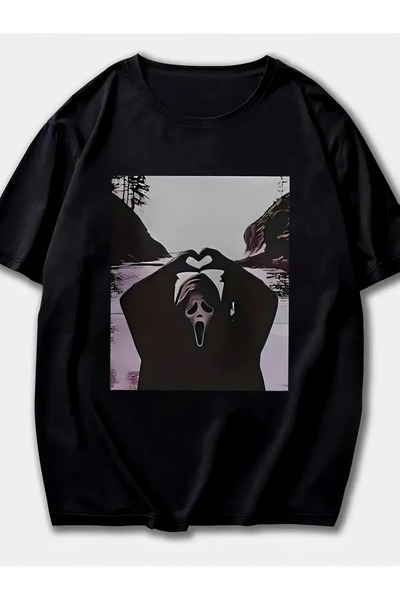 İSMTEXS تي شيرت مطبوع عليه وجه شبحي بأكمام قصيرة وياقة دائرية للجنسين للاستخد...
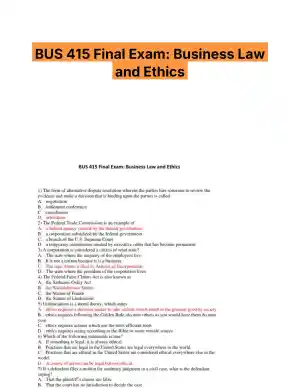 BUS 415 Final Exam: Business Law and Ethics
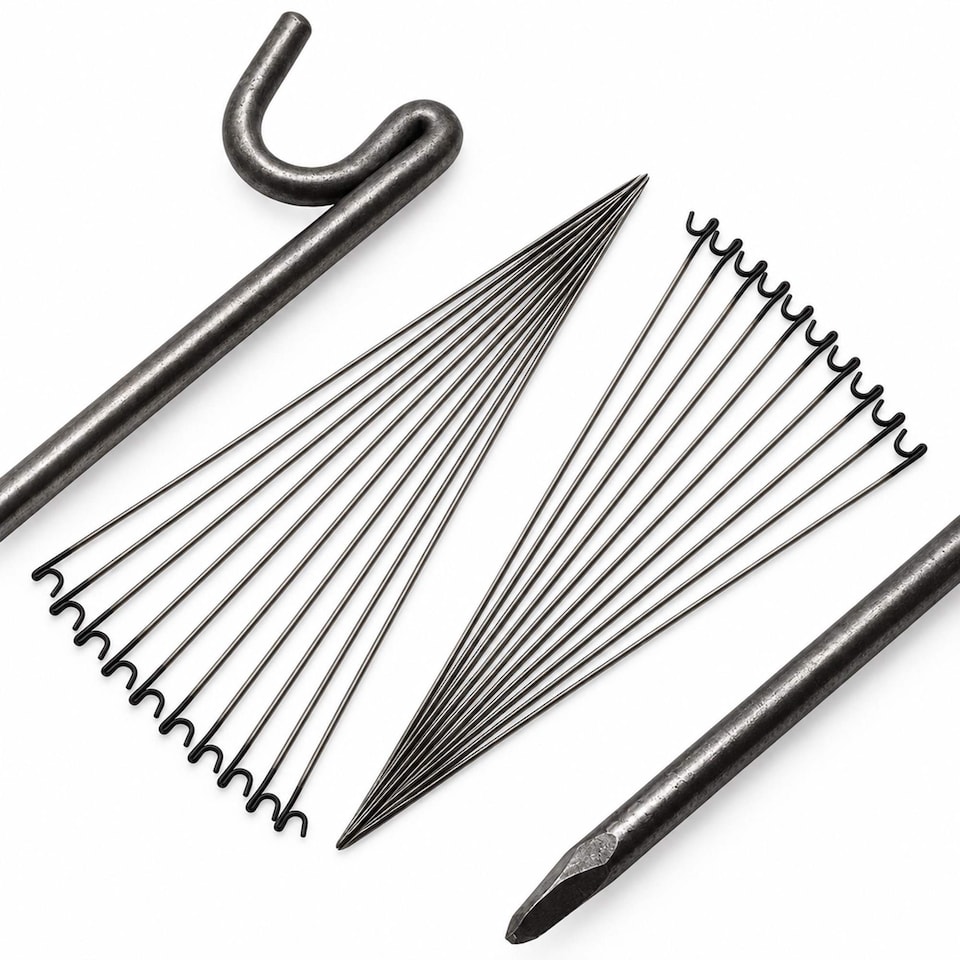 image 1 of 20x Heavy Duty Steel Fencing Pins 10mm x 1150mm Barrier Fence Garden Stakes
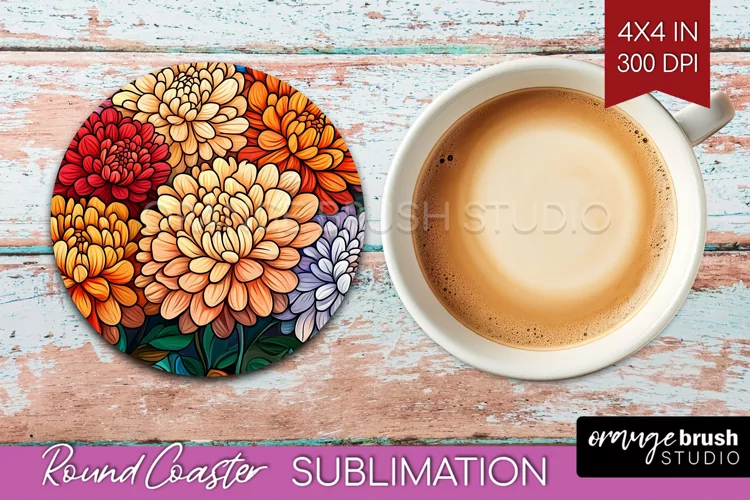 Stained Glass Flowers Round Coaster - Floral Coaster PNG
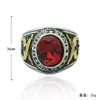 Bague en acier titane de l'armée américaine, Zircon rouge, bague rétro pour hommes de haute qualité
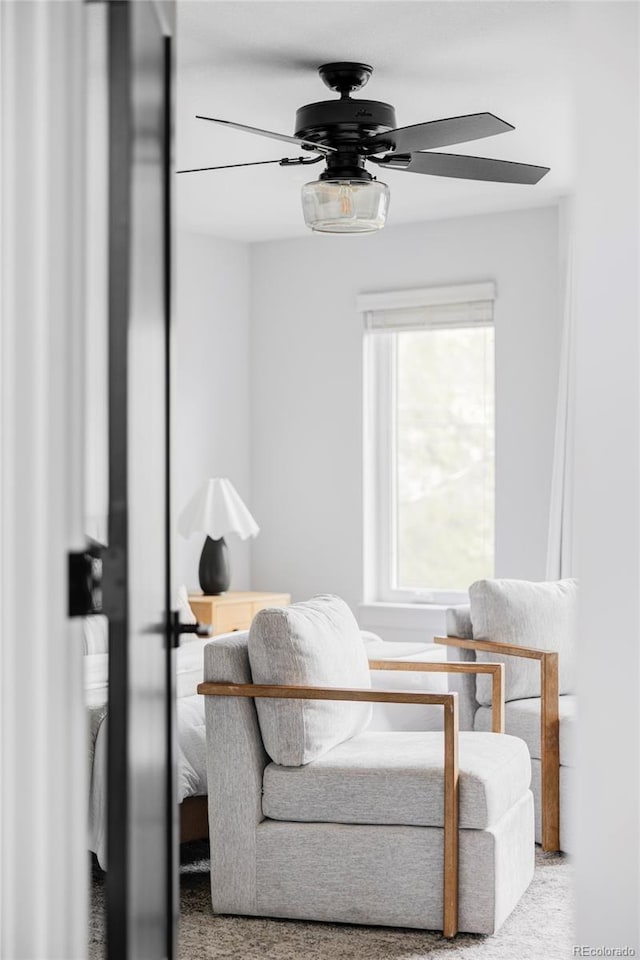 108 Arapahoe St, Golden, CO 80403 - sitting room featuring a ceiling fan and carpet
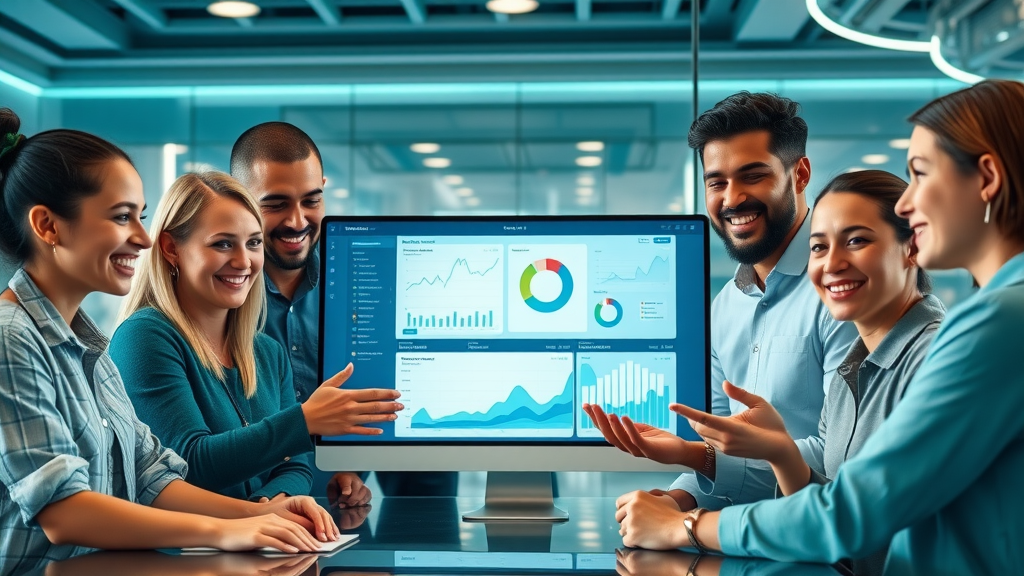 Nonprofit team collaborating around a cash flow dashboard, using technology for improved cash management and forecasting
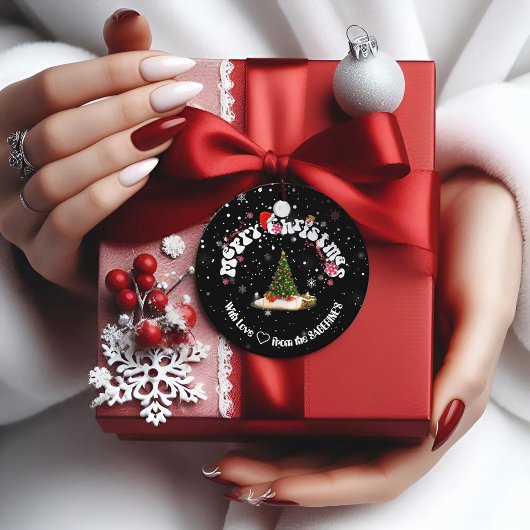 Elegant Black Merry Christmas Graffiti Runde Geschenkanhänger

◆ ◆ ◆

_TASK BRIEF_:
Would you return the whole listing exactly, without the pictures?

_OUTPUT OF THE EXERCISE_:
 İSMTEXS تي شيرت مطبوع عليه وجه شبحي بأكمام قصيرة وياقة دائرية للجنسين للاستخد...
 BUS 415 Final Exam: Business Law and Ethics
 image 1 of 20x Heavy Duty Steel Fencing Pins 10mm x 1150mm Barrier Fence Garden Stakes
 Stained Glass Flowers Round Coaster - Floral Coaster PNG
 Bague en acier titane de l'armée américaine, Zircon rouge, bague rétro pour hommes de haute qualité
 108 Arapahoe St, Golden, CO 80403 - sitting room featuring a ceiling fan and carpet
 Nonprofit team collaborating around a cash flow dashboard, using technology for improved cash management and forecasting
 Elegant Black Merry Christmas Graffiti Runde Geschenkanhänger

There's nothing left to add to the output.